### Entries provided

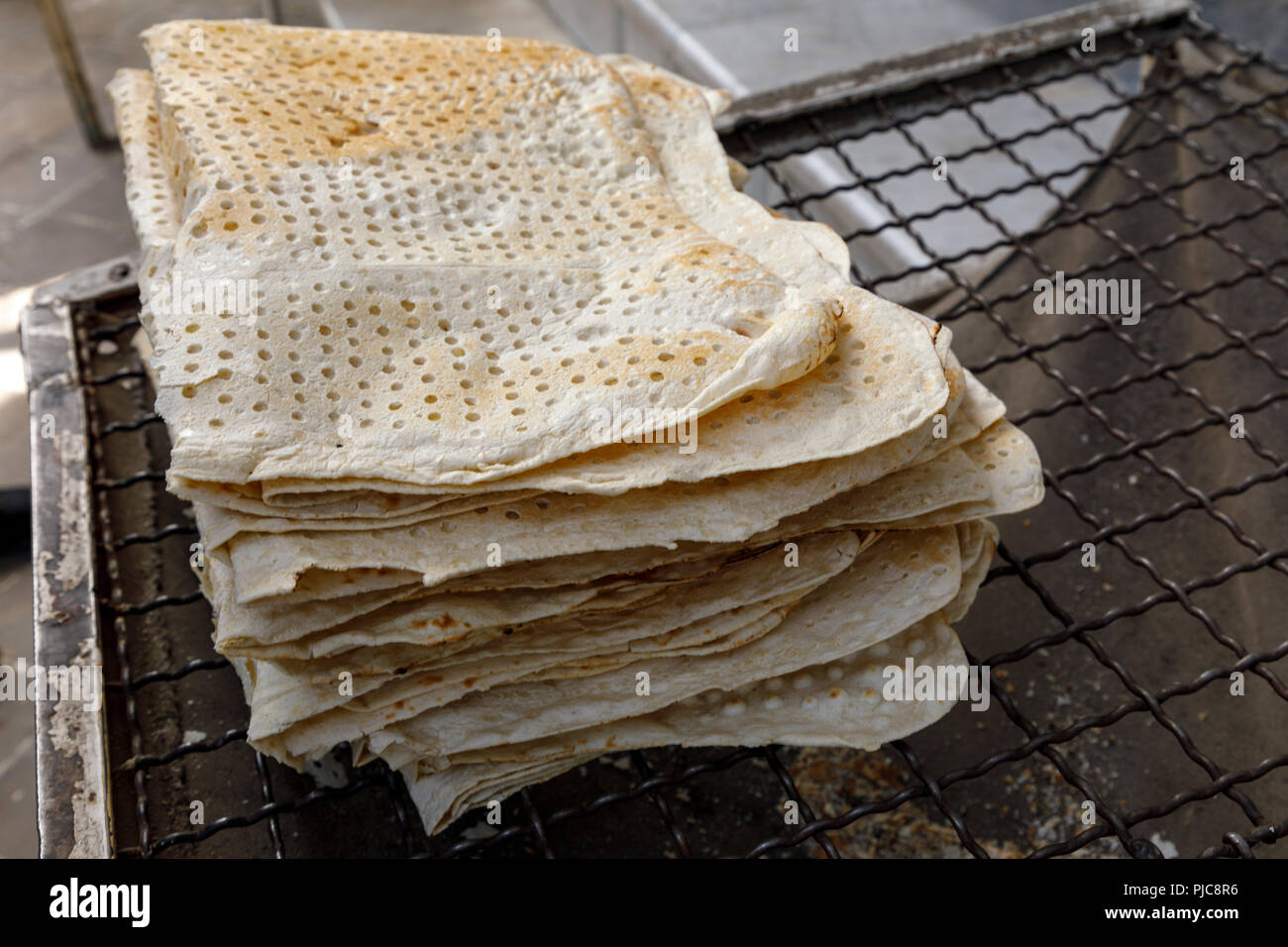 Islamic Republic of Iran. Isfahan, Kashan. Traditional bread. In Farsi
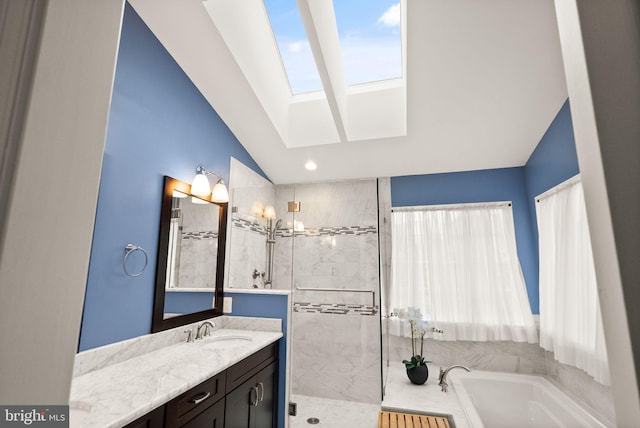 20355 Snowpoint Pl, Ashburn, VA 20147 - bathroom with a skylight, lofted ceiling, a garden tub, vanity, and tiled shower
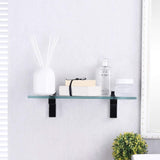 KES Bathroom Tempered Glass Shelf 14" 8MM-Thick Wall Mount Rectangular, Polished Chrome Bracket, BGS3201S35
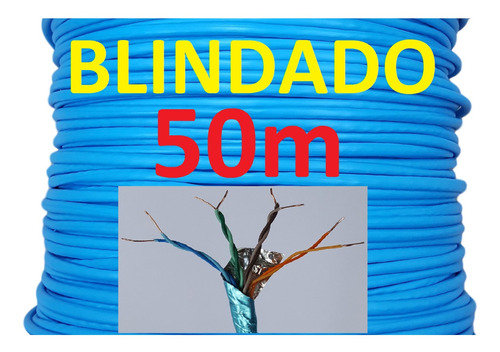 Cabo Rede Cat5e 50m Ftp Blindado Azul Lan Internet Connect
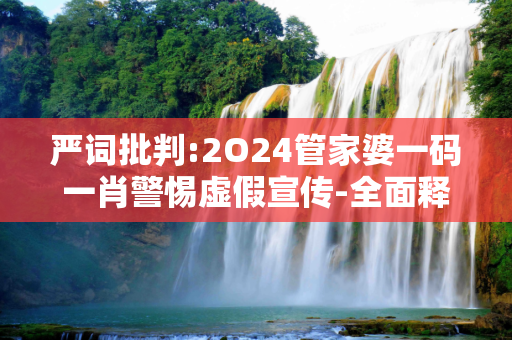 严词批判:2O24管家婆一码一肖警惕虚假宣传-全面释义
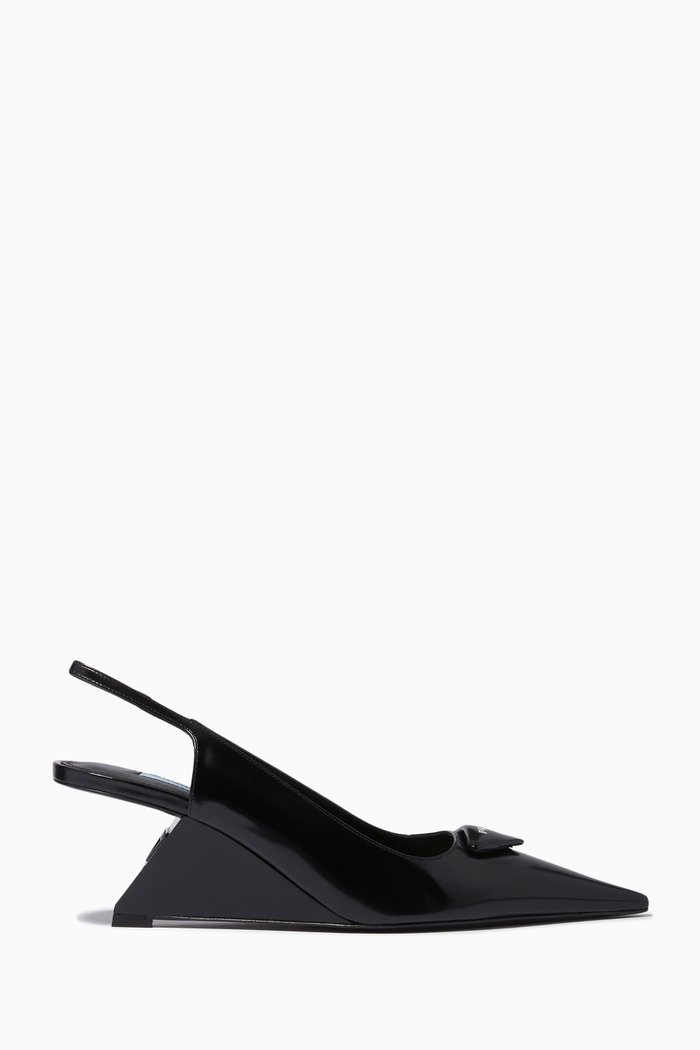 

Logo Triangle Slingback Wedges in Brushed Leather, Black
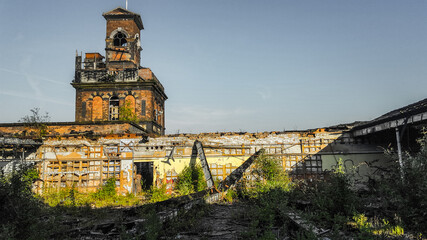 view of the old town, abandoned clock tower and mill
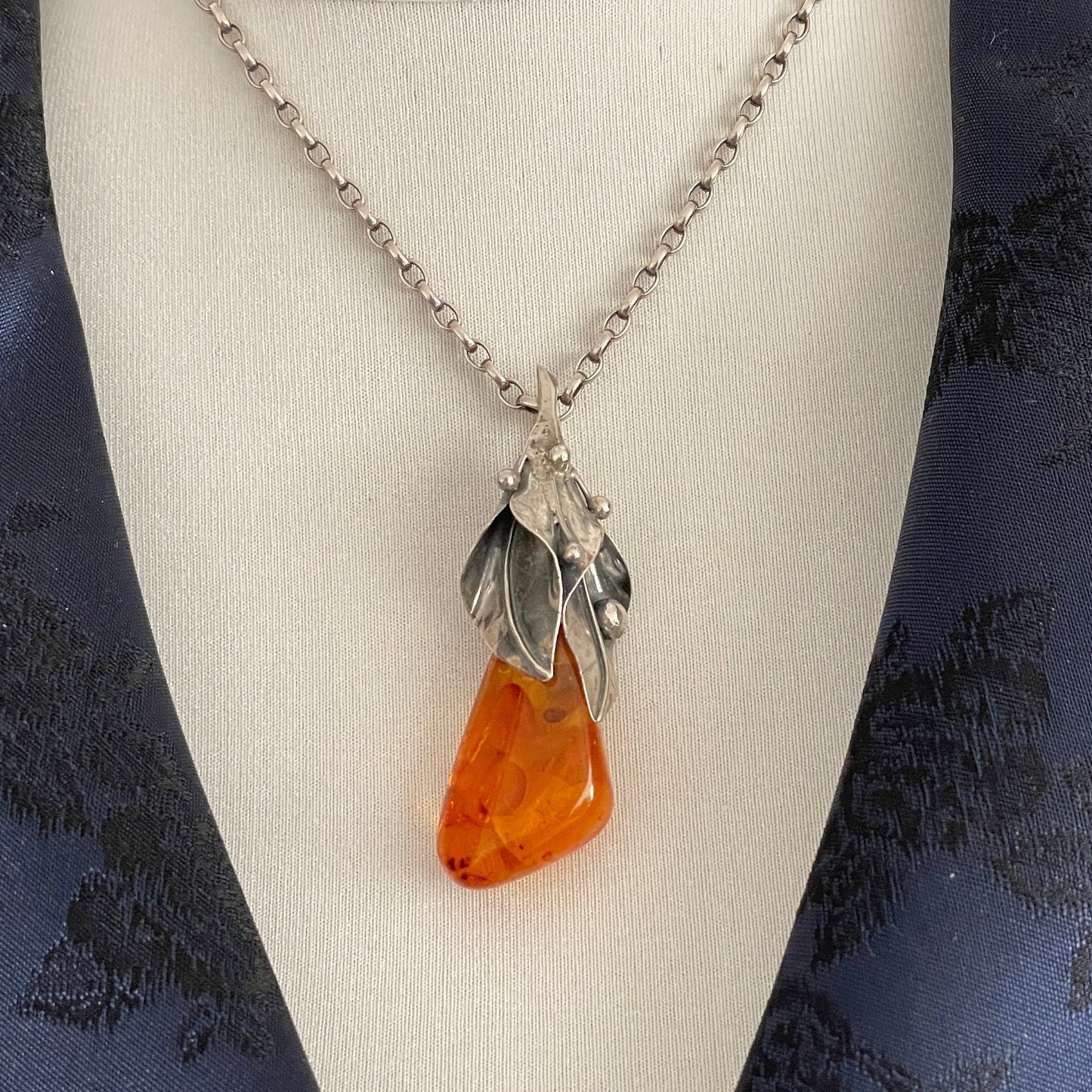 Vintage Art Nouveau Baltic Amber Sterling Silver Pendant. Large Honey Cognac Amber Pendant. Golden Yellow Amber Lily Flower Pendant, Poland
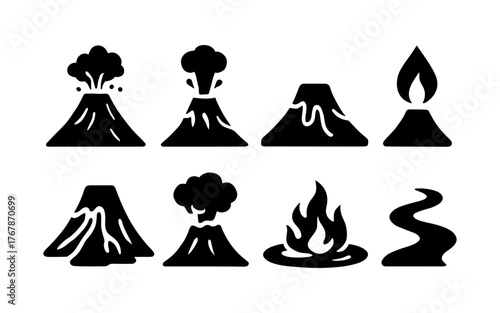 Set of black volcano and lava icons in flat style. Eruption, magma and geology symbols isolated on white. Design for print, sticker, postcard, banner.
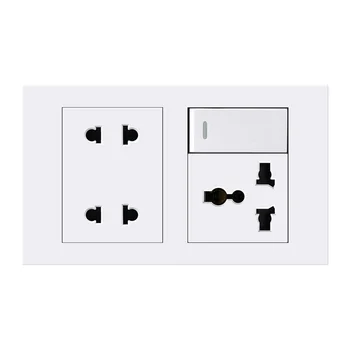 Multifunctional Power Socket Panel Electrical Socket Wall Switch White PC European Standard 146 Thai Indonesian 3-pole 4-hole YP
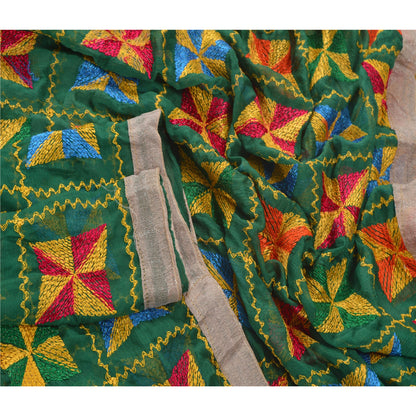 Sanskriti Vintage Dupatta Long Stole Ooak Green Embroidered Bagh Phulkari Shawl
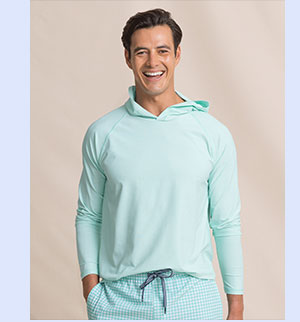 Man in green hoodie.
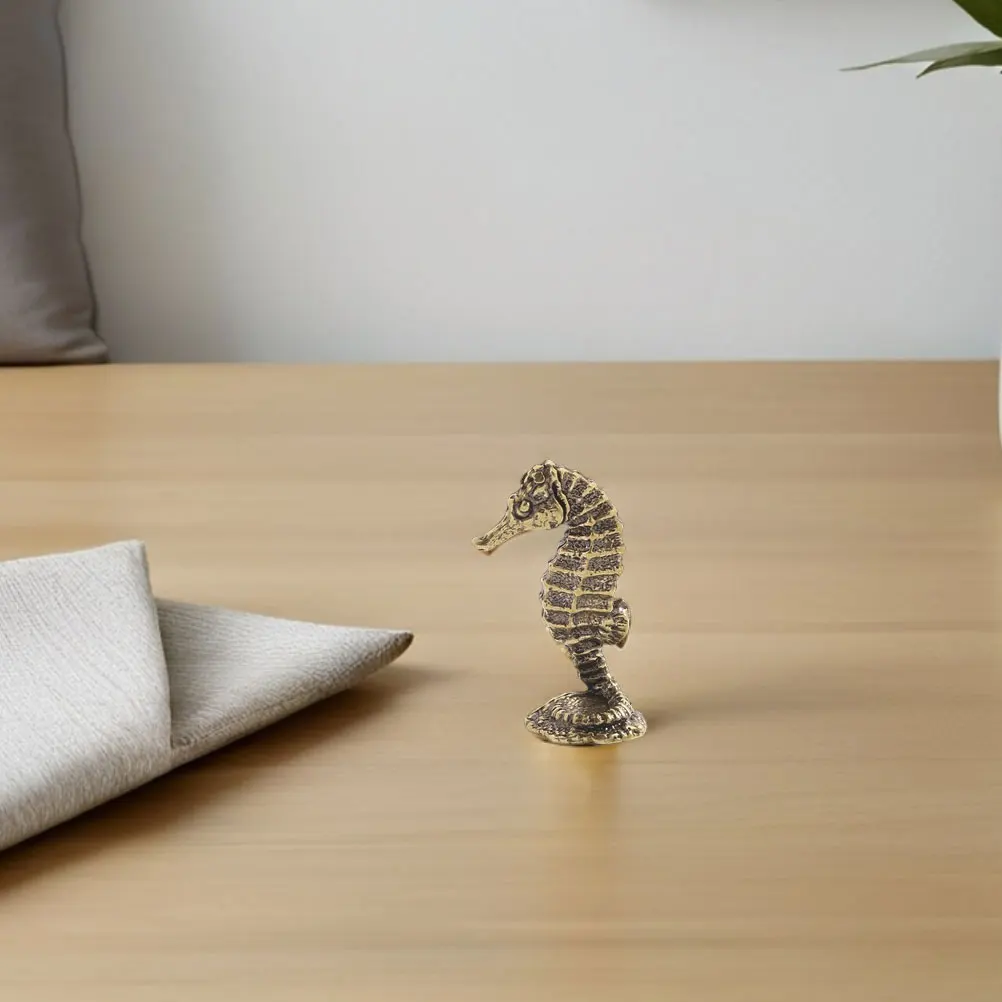 

Marine Style Brass Ornaments Sea Horse Decoration Ocean Golden Figurine Decorative
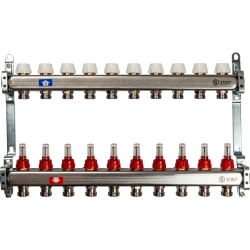 Коллекторная группа Stout SMS-0917 1"х3/4" 10 выходов, с расходомерами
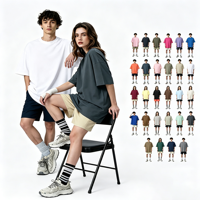 T-shirt en coton blanc délavé, style streetwear, coupe oversize à épaules tombantes, impression personnalisée de haute qualité, t-shirt épais pour homme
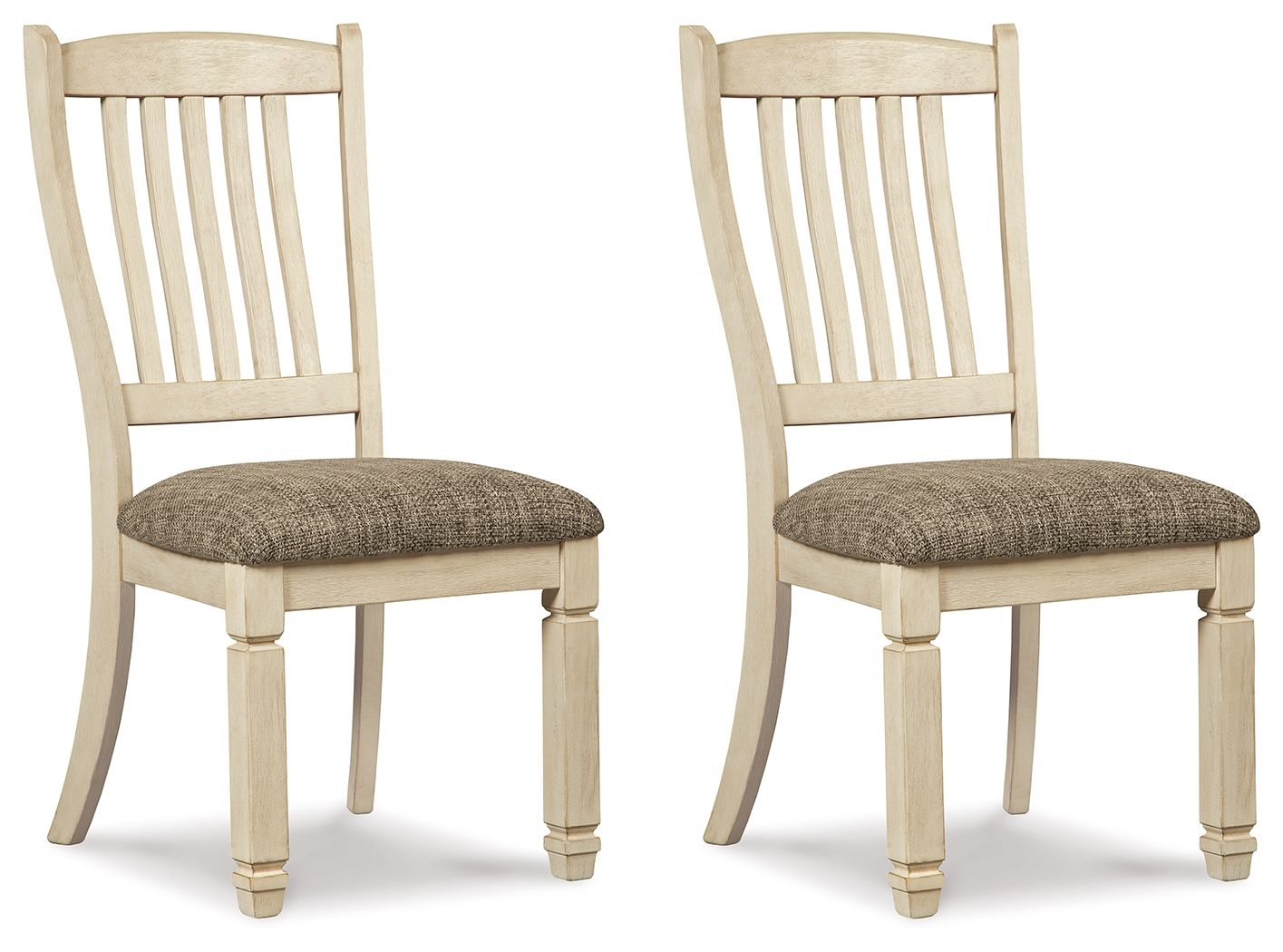 Signature Design by Ashley® Bolanburg - Brown / Beige - Dining Uph Side Chair (Set of 2) - Rake Back | Meri Furniture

### Requirement
Only the lines from the top of the records through the line with "Set of black" belong in the copy; write them out exactly, leaving out pictures.

### Answer to the exercise
 Islamic Republic of Iran. Isfahan, Kashan. Traditional bread. In Farsi
 20355 Snowpoint Pl, Ashburn, VA 20147 - bathroom with a skylight, lofted ceiling, a garden tub, vanity, and tiled shower
 KES Bathroom Tempered Glass Shelf 14" 8MM-Thick Wall Mount Rectangular, Polished Chrome Bracket, BGS3201S35
 Cabo Rede Cat5e 50m Ftp Blindado Azul Lan Internet Connect
 严词批判:2O24管家婆一码一肖警惕虚假宣传-全面释义

Logo Triangle Slingback Wedges in Brushed Leather, Black
 view of the old town, abandoned clock tower and mill
 Vintage Art Nouveau Baltic Amber Sterling Silver Pendant. Large Honey Cognac Amber Pendant. Golden Yellow Amber Lily Flower Pendant, Poland
 Set of black volcano and lava icons in flat style. Eruption, magma and geology symbols isolated on white. Design for print, sticker, postcard, banner.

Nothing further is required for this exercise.